Crawled caption data:
• • • •
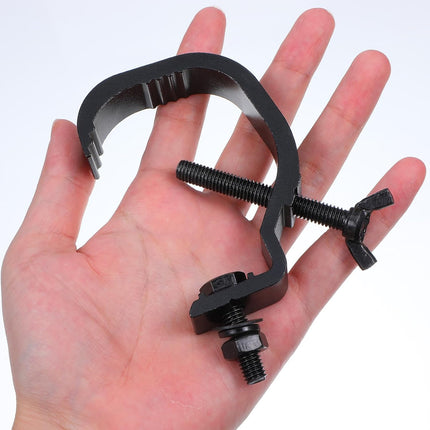 10 PCS Stage Lighting Clamp Bracket Black – Aluminum Hanging Hook for DJ Lights, Par Cans & Spot Lights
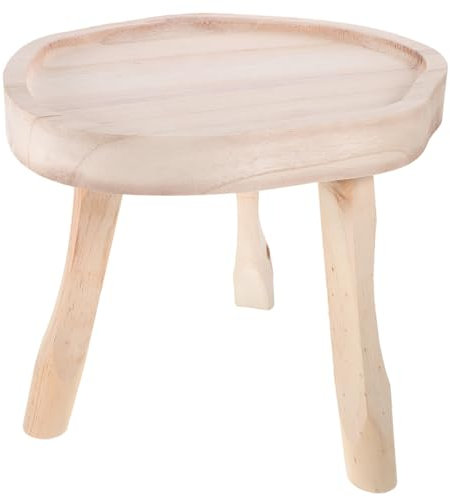 Toddmomy Rustikaler Pflanzenständer Aus Holz Mit Abnehmbarem Design Multifunktionaler Blumentopfhalter Für Innenräume Stilvoller Holz-hocker Zur Pflanzenpräsentation Und Dekoration Einfach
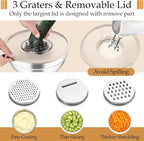TeamFar Mixing Bowls, Stainless Steel Nesting Salad Bowls - Image 3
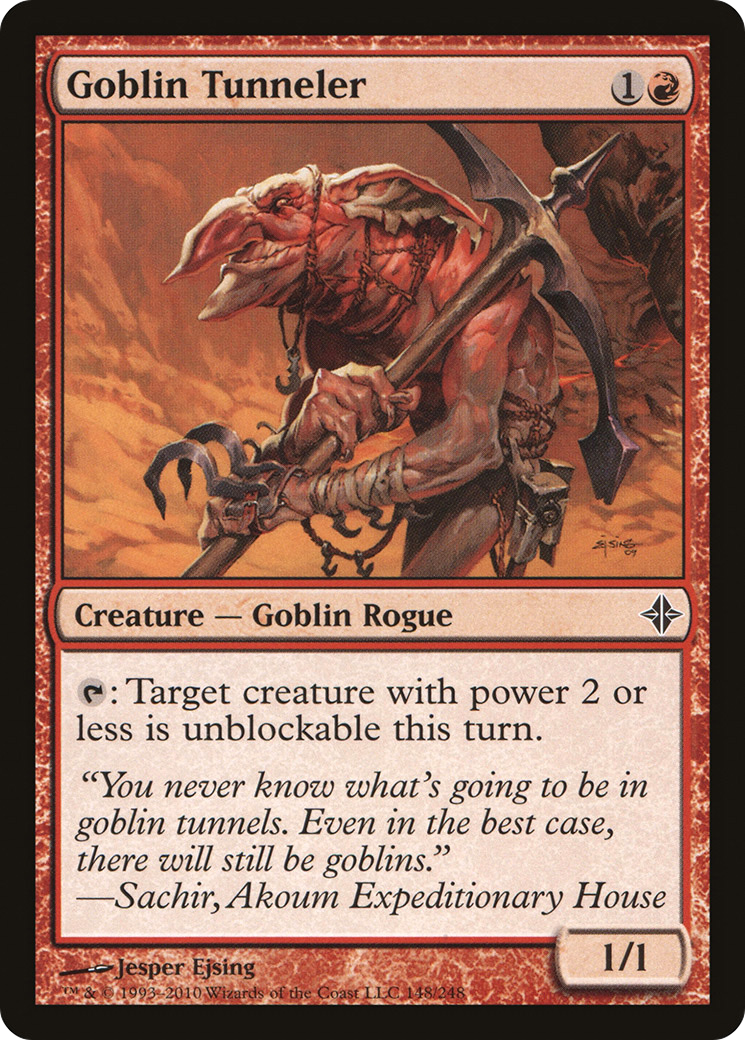 Goblin Tunneler (ROE-148) - Rise of the Eldrazi Foil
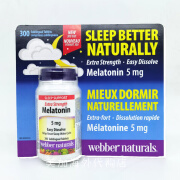 加拿大Webber Melatonin伟博褪黑素睡眠松果体素5mg 300粒 300粒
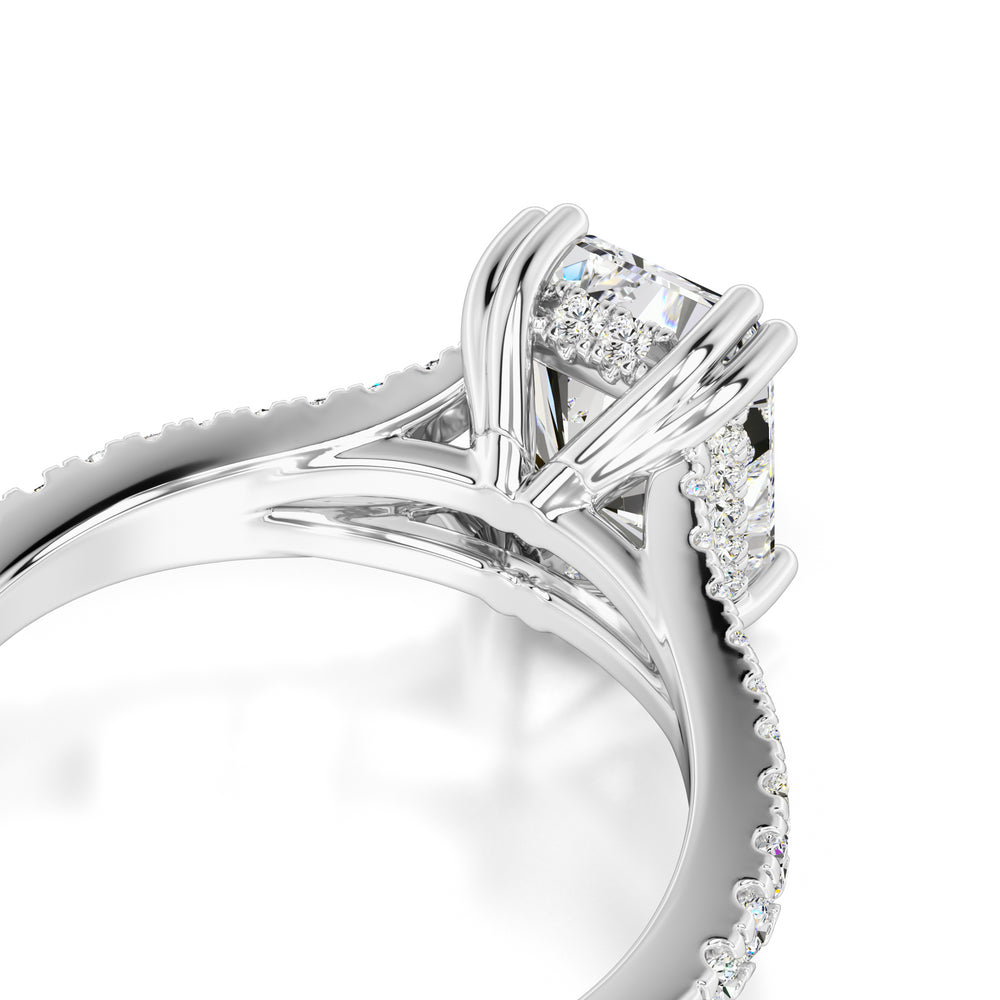 Juliana Moissanite & Lab Grown Diamond Ring | White Gold | 2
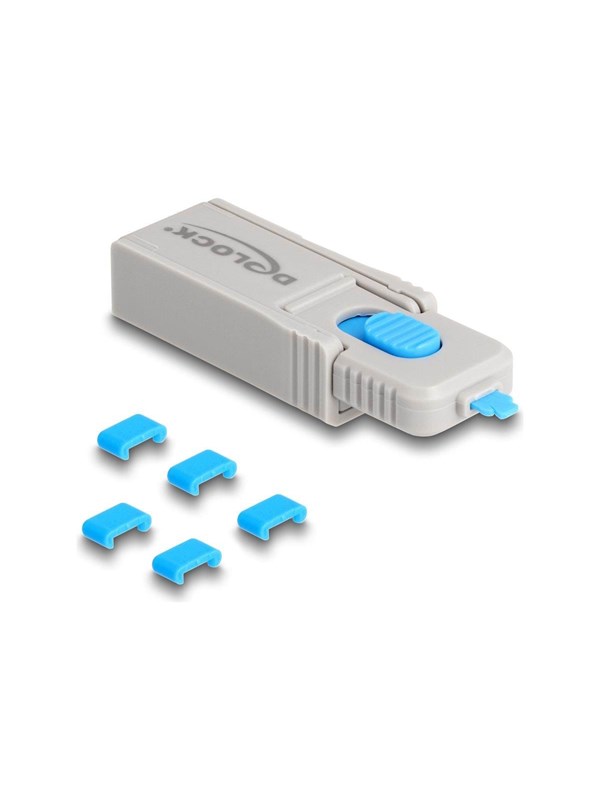 DeLOCK USB Type-C Port Blocker Set USB Type-C female ports 5 pieces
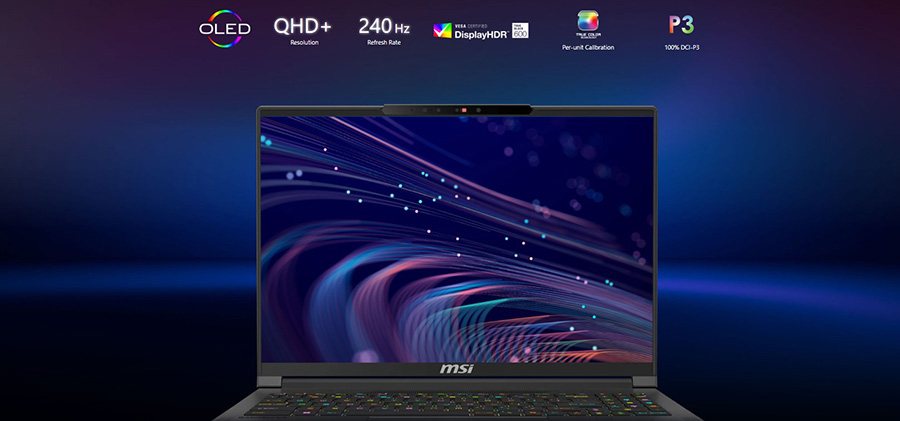MSI Stealth 16 AI A2HWGG-006FR - Intel Core Ultra 7, RTX 5070 8Go, 32Go RAM, 1To SSD, écran 16" OLED 240Hz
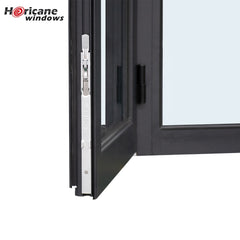 CSA NFRC AS2047 standard custom residential aluminum single casement hinged glass security door on China WDMA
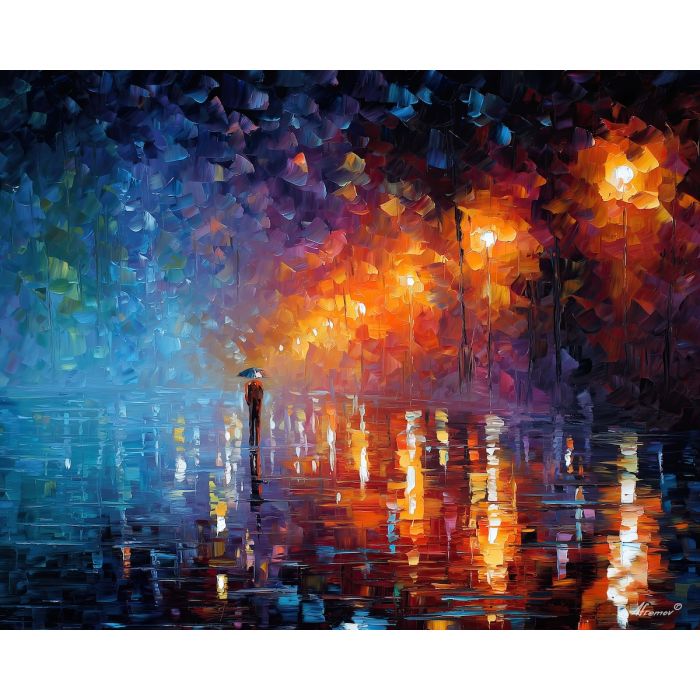 reflection magic portrait,fantasy art,oil painting,afremov style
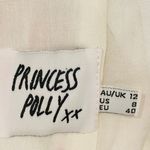 Princess Polly Floral Crop Top Strapless Bustier Corset White Pink Red M Photo 9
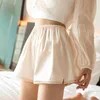 Lockere Sicherheitshose für Damen, lichtbeständig, für den Sommer, dünner Stil, große Größe, Fett mm, kann draußen getragen werden, ohne dass sich die Sicherheitsshorts für zu Hause kräuseln und auf den Boden fallen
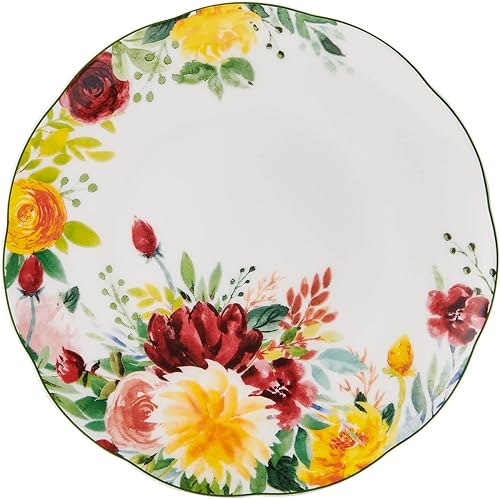 Miniatura 8 de Mikasa Clara Bone - Vajilla ligera de porcelana de 16 piezas, resistente a las astillas, servicio para 4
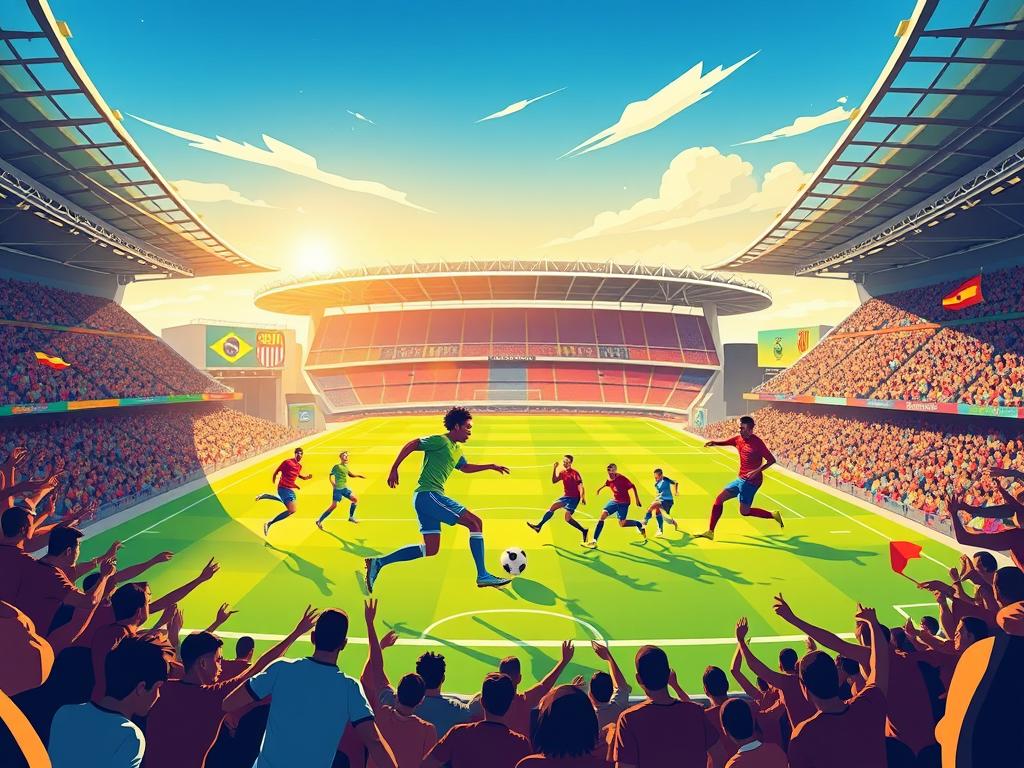 famous soccer stadiums by country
• • • •
EXERCISE PROMPT = In the copy, omit the pictures and reproduce every entry exactly.

RESPONSE BOX =
 10 PCS Stage Lighting Clamp Bracket Black – Aluminum Hanging Hook for DJ Lights, Par Cans & Spot Lights
 Toddmomy Rustikaler Pflanzenständer Aus Holz Mit Abnehmbarem Design Multifunktionaler Blumentopfhalter Für Innenräume Stilvoller Holz-hocker Zur Pflanzenpräsentation Und Dekoration Einfach
TeamFar Mixing Bowls, Stainless Steel Nesting Salad Bowls - Image 3
 Goblin Tunneler (ROE-148) - Rise of the Eldrazi Foil
 加拿大Webber Melatonin伟博褪黑素睡眠松果体素5mg 300粒 300粒
 Juliana Moissanite & Lab Grown Diamond Ring | White Gold | 2
 DeLOCK USB Type-C Port Blocker Set USB Type-C female ports 5 pieces
MSI Stealth 16 AI A2HWGG-006FR - Intel Core Ultra 7, RTX 5070 8Go, 32Go RAM, 1To SSD, écran 16" OLED 240Hz
 CSA NFRC AS2047 standard custom residential aluminum single casement hinged glass security door on China WDMA
 reflection magic portrait,fantasy art,oil painting,afremov style
 Princess Polly Floral Crop Top Strapless Bustier Corset White Pink Red M Photo 9
 Lockere Sicherheitshose für Damen, lichtbeständig, für den Sommer, dünner Stil, große Größe, Fett mm, kann draußen getragen werden, ohne dass sich die Sicherheitsshorts für zu Hause kräuseln und auf den Boden fallen
 Miniatura 8 de Mikasa Clara Bone - Vajilla ligera de porcelana de 16 piezas, resistente a las astillas, servicio para 4
 famous soccer stadiums by country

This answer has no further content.